NEWS - UK
UK equity income managers are still forecasting dividend growth across the market this year, despite income behemoth BP suspending payouts until at least 2011.
BP last week scrapped its first quarter dividend, which was scheduled for payment
on 21 June, and also declared no dividends would be paid in the second and third quarters of 2010.
Its move is a huge blow for investors in the UK, particularly millions of people in pension funds and equity income vehicles. BP dividends account for around £1 in every £7 of share payouts from UK blue-chip firms and have not been slashed since 1992. The last time BP suspended a dividend payment was during World War II.
While the BP action will have an impact on the overall market yield, LV= head of UK equities Graham Ashby says dividend growth in a number of other stocks will more than compensate for the oil giant's lost payouts.
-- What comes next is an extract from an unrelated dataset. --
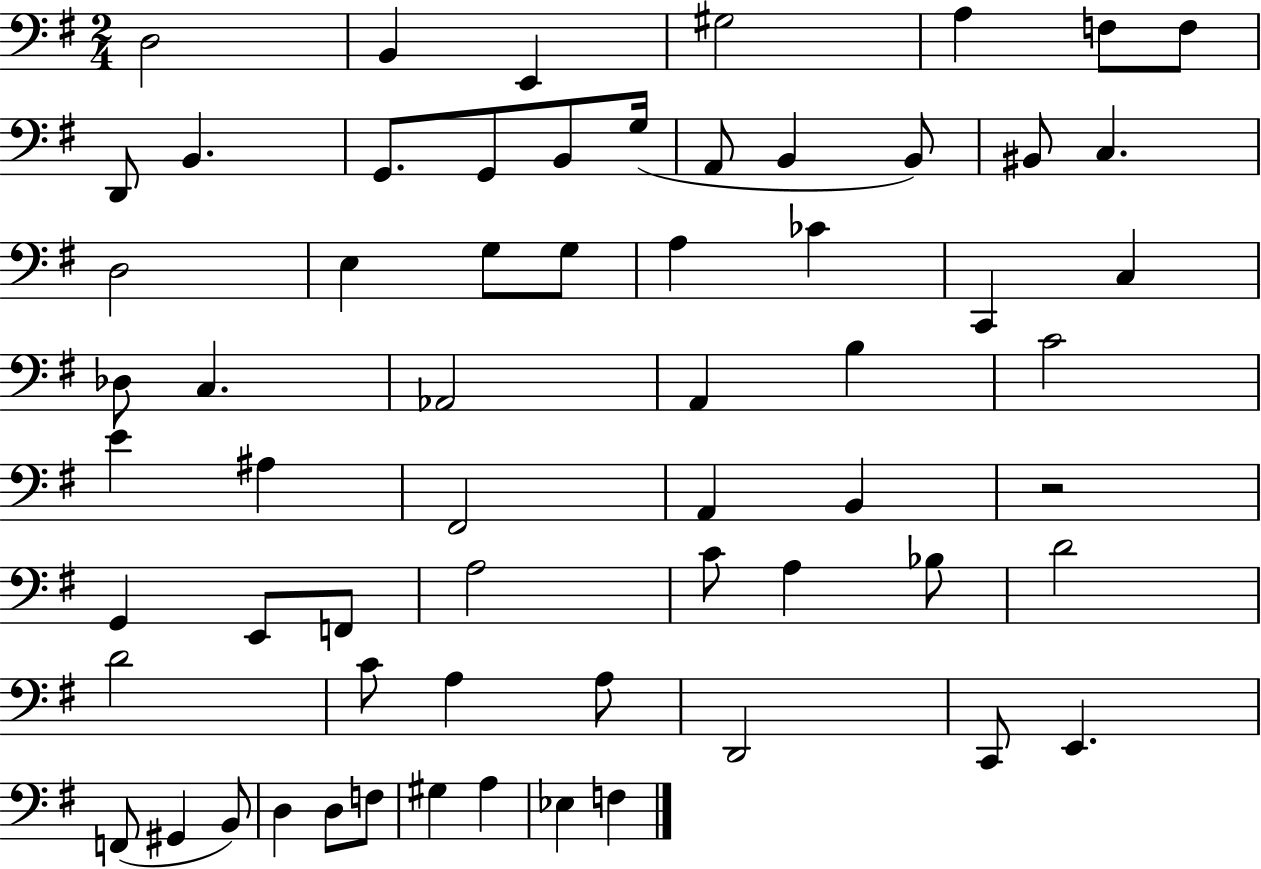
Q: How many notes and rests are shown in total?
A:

"Balance sheets across the market are as strong as they have been for a decade and profits are also coming through. Many companies are in great shape," Ashby says.
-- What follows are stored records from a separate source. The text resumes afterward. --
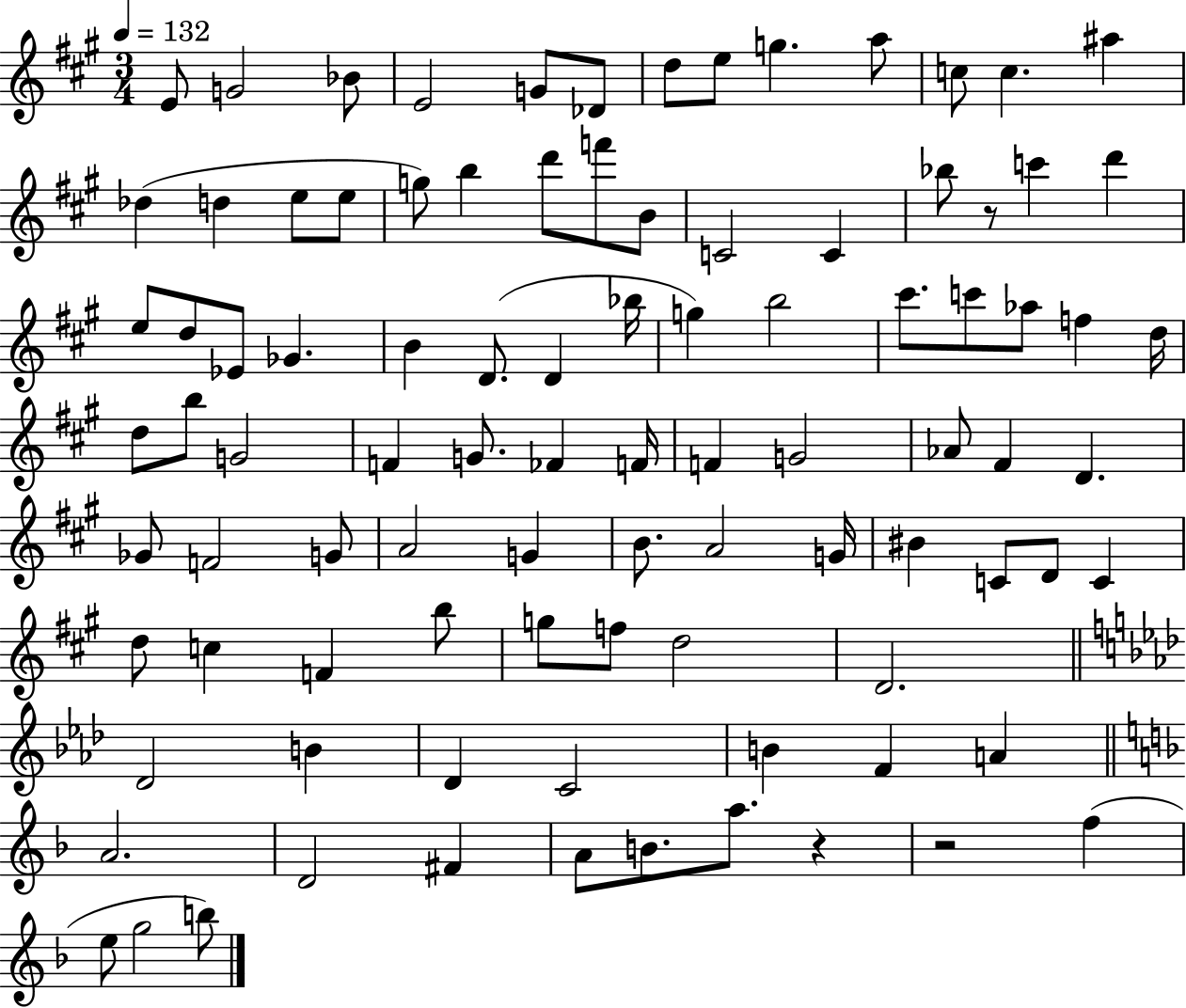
{
  \clef treble
  \numericTimeSignature
  \time 3/4
  \key a \major
  \tempo 4 = 132
  e'8 g'2 bes'8 | e'2 g'8 des'8 | d''8 e''8 g''4. a''8 | c''8 c''4. ais''4 | \break des''4( d''4 e''8 e''8 | g''8) b''4 d'''8 f'''8 b'8 | c'2 c'4 | bes''8 r8 c'''4 d'''4 | \break e''8 d''8 ees'8 ges'4. | b'4 d'8.( d'4 bes''16 | g''4) b''2 | cis'''8. c'''8 aes''8 f''4 d''16 | \break d''8 b''8 g'2 | f'4 g'8. fes'4 f'16 | f'4 g'2 | aes'8 fis'4 d'4. | \break ges'8 f'2 g'8 | a'2 g'4 | b'8. a'2 g'16 | bis'4 c'8 d'8 c'4 | \break d''8 c''4 f'4 b''8 | g''8 f''8 d''2 | d'2. | \bar "||" \break \key aes \major des'2 b'4 | des'4 c'2 | b'4 f'4 a'4 | \bar "||" \break \key d \minor a'2. | d'2 fis'4 | a'8 b'8. a''8. r4 | r2 f''4( | \break e''8 g''2 b''8) | \bar "|."
}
"Research last week suggested the UK market could withstand a BP cut. While the cancelling of the already declared dividend was disappointing, it is not all doom and gloom.
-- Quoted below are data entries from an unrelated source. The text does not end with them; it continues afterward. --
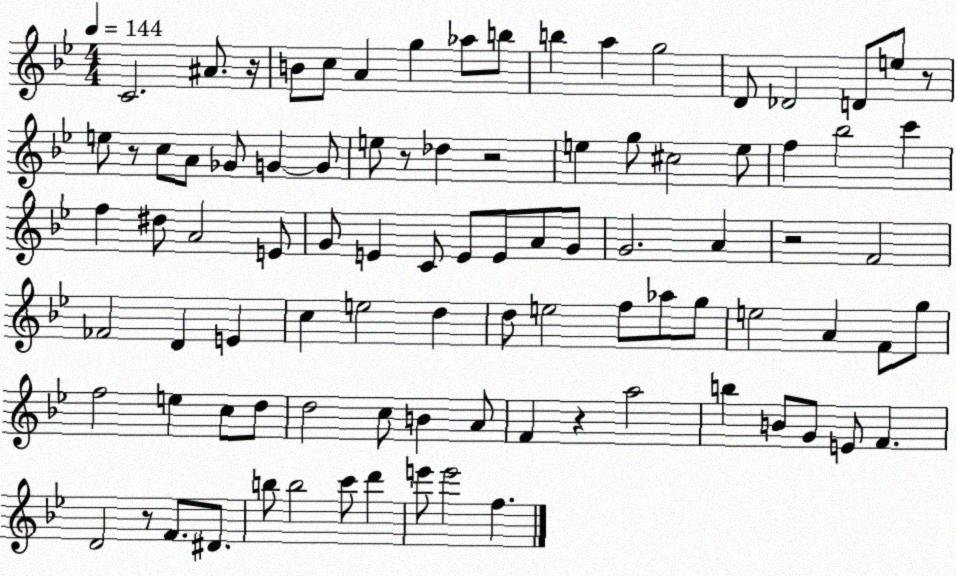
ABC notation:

X:1
T:Untitled
M:4/4
L:1/4
K:Bb
C2 ^A/2 z/4 B/2 c/2 A g _a/2 b/2 b a g2 D/2 _D2 D/2 e/2 z/2 e/2 z/2 c/2 A/2 _G/2 G G/2 e/2 z/2 _d z2 e g/2 ^c2 e/2 f _b2 c' f ^d/2 A2 E/2 G/2 E C/2 E/2 E/2 A/2 G/2 G2 A z2 F2 _F2 D E c e2 d d/2 e2 f/2 _a/2 g/2 e2 A F/2 g/2 f2 e c/2 d/2 d2 c/2 B A/2 F z a2 b B/2 G/2 E/2 F D2 z/2 F/2 ^D/2 b/2 b2 c'/2 d' e'/2 e'2 f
"Stocks such as Barclays, Carnival and Rio Tinto, which yielded nothing last year,
are all back on the list of dividend payers."
Ashby, who is retaining 3% of his LV= UK Equity Income fund in BP, says the oil giant could return to paying significant dividends in nine months to a year's time, once more clarity over the spill emerges.
BP says it remains strongly committed to the payment of future dividends and delivering long-term value to shareholders.
"The board believes it is right and prudent to take a conservative financial position given the current uncertainty over the extent and timing of costs and liabilities relating to the spill," it says.
Tineke Frikkee, a large BP shareholder in her £2.66bn Newton Higher Income fund, says the vehicle remains on track to deliver 3% dividend growth for the year to 30 June.
She says the UK market still has a number of attractive sectors generating high yields, including telecommunications at 5.8% and pharmaceuticals at 4.9%.
Fidelity Income fund manager Michael Clark, who exited his position in BP following the oil spill, is also confident on dividend growth for the market.
"While it is a problem for the income funds that held the stock, it will not have the same impact as when the banks cut their dividends as that ran across a number of names.
"We expect double-digit dividend growth and the market could also increase.
"BP was not a problem we could not avoid and we are still able to reach our income with stocks such as pharmaceuticals, utilities and telecoms."